Pre- and post-processing in quantum-computational hydrologic inverse analysis

TL;DR

This paper investigates the challenges of using quantum annealers for hydrological inverse problems involving heterogeneous aquifers and introduces pre- and post-processing techniques to enhance performance and understanding of problem scaling.

Contribution

It introduces novel pre- and post-processing methods to improve quantum annealing for complex hydrological inverse problems with heterogeneous materials.

Findings

Enhanced quantum annealing performance on real-world hydrological problems.

Analyzed the scaling behavior of inverse problems in hydrology.

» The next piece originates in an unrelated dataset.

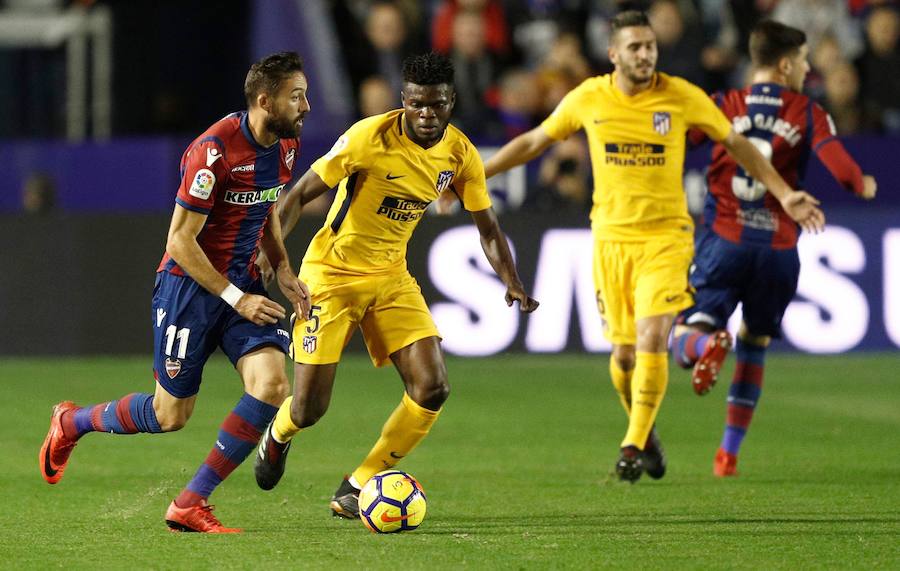 Estas son las mejores imágenes que deja el partido de la jornada 13 en el Ciutat de València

Identified a class of challenging problems suitable for quantum annealers.

Abstract

It was recently shown that certain subsurface hydrological inverse problems -- here framed as determining the composition of an aquifer from pressure readings -- can be solved on a quantum annealer. However, the quantum annealer performance suffered when solving problems where the aquifer was composed of materials with vastly different permeability, which is often encountered in practice. In this paper, we study why this regime is difficult and use several pre- and post-processing tools to address these issues. This study has three benefits: it improves quantum annealing performance for real-world problems in hydrology, it studies the scaling behavior for these problems (which were previously studied at a fixed size), and it elucidates a challenging class of problems that are amenable to quantum annealers.